BRUSSELS ― The United States and the European Union have faced similar challenges over the past couple of decades, with the financial crash and the Covid pandemic wreaking economic havoc, taking years to recover from.
But of the two, it’s America that has found a way to surge ahead. When it comes to things that create wealth — science, innovation, even a higher birthrate — the U.S. is ahead by most metrics.
The EU is trying to change that. It hired the former European Central Bank chief Mario Draghi to deliver a report into all that was wrong and everything that needs to be done about it. A year and 400 pages later, the verdict was clear: The gap between the EU and U.S. is only growing. Drastic measures are called for.
We didn’t need him to tell us that. The numbers speak for themselves. Sure, Europe’s cities are unmatched, its architecture gorgeous, food and wine delicious ― and who doesn’t like taking all of August off the way many Europeans do? To say nothing of universal health care. But the economics don’t look good. POLITICO took a closer look at the numbers.
1. Americans are richer
Setting clichés about money and happiness aside, Americans are, on average, richer than Europeans. That’s been true for a long time, but the worrying thing for the EU is that the gap is getting wider. In 1990, U.S. gross domestic product (GDP) per capita was 16 percent higher than the eurozone’s. By 2023, the difference had doubled, to more than 30 percent.
2. Americans are wiser
More money means, all things being equal, more spending in science and research. But all things aren’t equal. In fact, the government and the private sector in the U.S. spend more proportionally of their already-larger GDP on them than Europe does. Figuring out how to mobilize more private money to accelerate European research and development is one of the big points of the Draghi report. As it is, “many European entrepreneurs prefer to seek financing from U.S. venture capitalists and scale up in the U.S. market,” it warned.

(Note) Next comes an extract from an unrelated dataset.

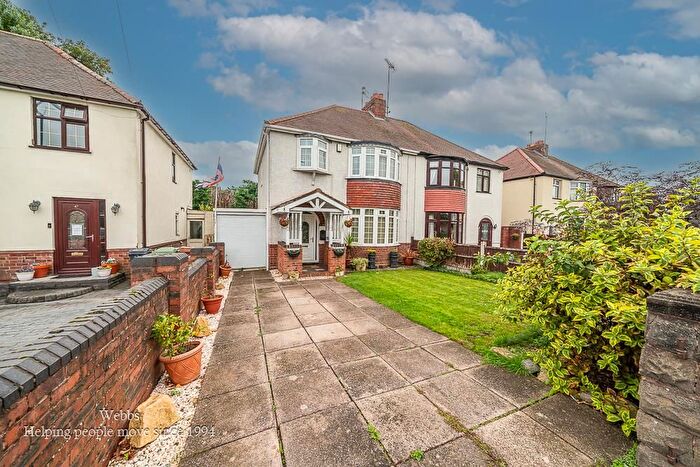 3 Bedroom Semi-Detached House For Sale In Wesley Road, Willenhall, WV12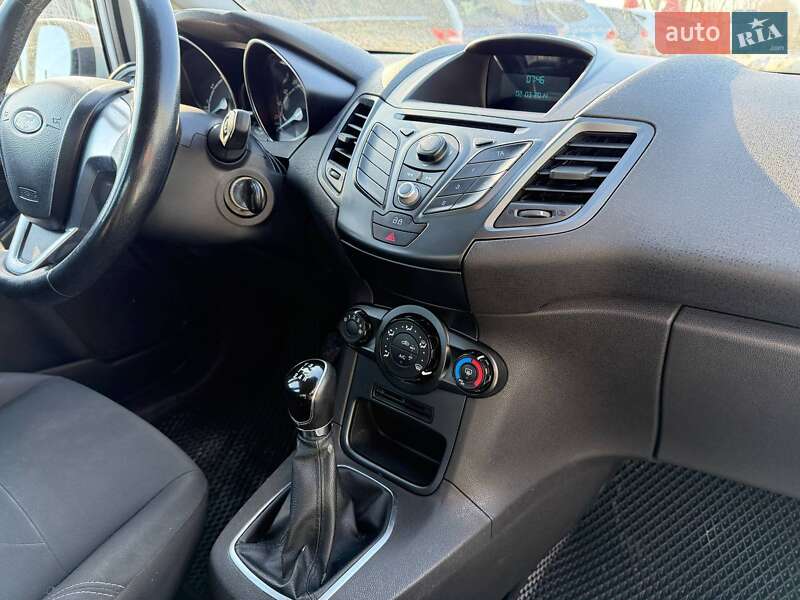 Хетчбек Ford Fiesta 2014 в Львові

3. Americans are more creative
Measuring the pace of technological development isn’t easy. But looking at a few proxies, it does seem like the U.S. is ahead. Let’s be clear: Europeans are no slouches. But when it comes to the share of science and technology articles published in the top scientific journals, the U.S. comes out well ahead. Look out though, as China is on the rise — and now the EU is behind it too.
4. Americans have more energy
Sometimes you just get lucky. America’s luck has a name: the Permian basin. Millions of years ago, this chunk of territory stretching from Texas into New Mexico was under water and teeming with plant life. Now, all that accumulated organic matter has transformed into good ol’ Texas crude. It’s made the U.S. the world’s top producer of oil and natural gas. As a result, American industry benefits from power prices that are a third of those in Europe, giving a jolt to manufacturing.
5. Americans are more productive
Time is money. American workers consistently produce more per hour worked than Europeans do. For a while that gap was closing — but it’s widened once more. U.S. productivity can, in part, be explained by its fast adoption and development of digital technology, an area where Europe has lagged behind.
6. Americans have the biggest companies
Last year, California microchip designer Nvidia became the eighth American company worth more than $1 trillion. Contrast that with Europe, where in the past 50 years there hasn’t been one business that hit the €100 billion mark. It’s not a surprise that seven of those U.S. companies are in the tech sector (the one exception being Warren Buffett’s Berkshire Hathaway). Even zooming out a bit, the U.S. continues to dominate, with American firms taking 73 percent of the top 30 companies, and more than half of the top 500.
7. Americans have more kids
Historically, Europe’s growing labor force has boosted GDP growth — so the bloc’s falling population spells massive trouble. Europeans have few children, per mother, than Americans. That means less taxable revenue in the future, and a smaller working-age population relative to pensioners, who require social spending and health care. Even in the U.S., falling birth rates are causing alarm. But while Europe’s population is expected to peak at 453 million people in 2026, the U.S. population is only expected to peak sometime in the second half of the century, with its population also bolstered by migration flows.